Heat of the Moment is the sequel Perfect Timing which was awarded 5-heart keeper status by a fellow reviewer. Readers who enjoyed that book and have been looking forward to a sequel are likely to be disappointed.
There’s much to dislike in Heat of the Moment: understanding what’s going on requires extensive knowledge of plot and characters from the previous book, and the story line is very convoluted. My biggest objection, however, is to the characters. I believe that most romance readers would prefer to read about characters they can like. Among the several main characters, there’s only one who comes close to likeable. These characters more properly belong in Lifestyles of the Rich and Venal; they don’t deserve a happily ever after.
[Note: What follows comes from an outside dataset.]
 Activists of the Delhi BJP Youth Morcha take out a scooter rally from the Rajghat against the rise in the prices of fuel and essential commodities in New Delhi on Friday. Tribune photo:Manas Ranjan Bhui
Sydney Shanks is twice-married and now engaged to Jackson Bosse. She and Jack are in the process of establishing an art gallery designed for children. Sydney’s two husbands were millionaire business partners. She cheated on her first husband Henry Shanks with her second husband Russell Reck. She’s beautiful and, thanks to the divorce settlement with Russell, rich. She’s determined that now that Russell’s out of the slammer he won’t get back any of the dough in order to pay reparations to the government. Of course, she’s using some of it to bring culture to kiddies so you really shouldn’t call her covetous.
Jackson Bosse is yet another millionaire and a beta male. He wants to marry Sydney because he’s decided it’s time to settle down, and Sydney senses her biological clock is ticking so she’s willing. He seems comfortable with letting everyone walk all over him, particularly Sydney. He cries. He’s way out of his league with this self-serving, unscrupulous crew.
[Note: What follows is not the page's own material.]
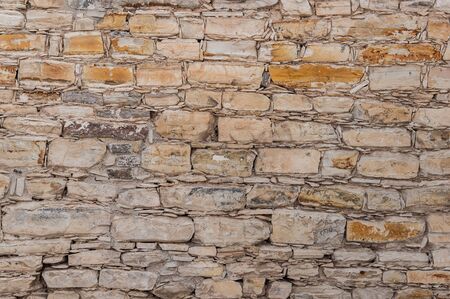 wall of the ancient buildings of stone stone backgroundの写真素材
Alec Porter, an alpha male in the worst sense, is Sydney’s former lover. (Yes, another one.) He was her bodyguard, and they had a sexual relationship prior to this book. Now Alec’s back, trying to break up Sydney and Jack as well as bring down Russell in order to protect her. He’s loaded with psychological angst from a lousy childhood and his betrayal of his best friend and adoptive brother. Furthermore, he did something really bad Sydney doesn’t know about, and if she finds out, she’ll reject him completely. But he’s a stud and you’ve got to feel sympathy for the jerk in light of that lousy childhood.
Russell Reck is villainous through and through. Prior to this book, he was involved in criminal activity; Sydney provided some of the evidence that led to his conviction and prison sentence. Now he’s out of prison again, and he doesn’t believe in forgive and forget. He intends to make Sydney pay, and he’s not above using anyone and anything to achieve his evil ends. This guy’s rotten to the core with no mitigating factors.
Petroula (Rocky) Reck is Russell’s youngest daughter, and the only one who lived with Russell and her stepmother Sydney (whom she calls the ‘stepmonster’). Rocky is now in law school and is working at the gallery during her summer break. She was neglected for years by her father and her absentee mother. It was only during prison visits that Rocky established a relationship with Russell. She’s bitter towards everyone and yearns to punish Sydney by any means including spying for her father. Her words and behavior are often completely irrational and even incomprehensible. But since all she ever wanted was for Daddy to love her, that apparently excuses a lack of rationality.
The publisher is marketing Heat of the Moment as romantic suspense. I usually think of romantic as meaning nice people finding love - that description hardly fits this book. But there is a little suspense: it’s in wondering when Jackson Bosse is going to wise up, turn his back on this crowd, and go find some nice friends.
Those readers who enjoyed the first book may want to check out the sequel, but other readers will be well advised to give this one a pass.